> **ASSIGNED TASK**
Transcribe the records below exactly as written, from the opening line through the line that contains "Oversize Cotton Cropped".

> **Items from a data source**
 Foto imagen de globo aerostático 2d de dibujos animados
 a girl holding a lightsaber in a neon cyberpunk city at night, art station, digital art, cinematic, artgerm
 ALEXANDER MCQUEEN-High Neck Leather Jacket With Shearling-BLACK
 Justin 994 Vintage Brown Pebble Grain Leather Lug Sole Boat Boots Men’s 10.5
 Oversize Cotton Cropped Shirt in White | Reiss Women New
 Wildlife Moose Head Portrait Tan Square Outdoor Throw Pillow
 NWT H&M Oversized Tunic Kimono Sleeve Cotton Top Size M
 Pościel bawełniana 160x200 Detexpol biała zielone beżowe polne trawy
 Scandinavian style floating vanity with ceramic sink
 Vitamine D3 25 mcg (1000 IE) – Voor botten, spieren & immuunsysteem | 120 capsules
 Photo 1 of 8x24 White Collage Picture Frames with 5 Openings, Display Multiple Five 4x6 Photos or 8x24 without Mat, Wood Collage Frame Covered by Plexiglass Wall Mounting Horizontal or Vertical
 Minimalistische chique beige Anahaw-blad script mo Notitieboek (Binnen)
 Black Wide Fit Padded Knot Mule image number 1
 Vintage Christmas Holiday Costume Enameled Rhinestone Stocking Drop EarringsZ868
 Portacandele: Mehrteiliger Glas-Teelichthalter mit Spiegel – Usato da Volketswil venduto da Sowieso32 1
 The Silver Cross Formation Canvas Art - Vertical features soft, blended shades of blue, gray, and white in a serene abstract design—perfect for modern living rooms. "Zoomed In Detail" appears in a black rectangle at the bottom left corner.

> **SOLVED EXERCISE**
 Foto imagen de globo aerostático 2d de dibujos animados
 a girl holding a lightsaber in a neon cyberpunk city at night, art station, digital art, cinematic, artgerm
 ALEXANDER MCQUEEN-High Neck Leather Jacket With Shearling-BLACK
 Justin 994 Vintage Brown Pebble Grain Leather Lug Sole Boat Boots Men’s 10.5
 Oversize Cotton Cropped Shirt in White | Reiss Women New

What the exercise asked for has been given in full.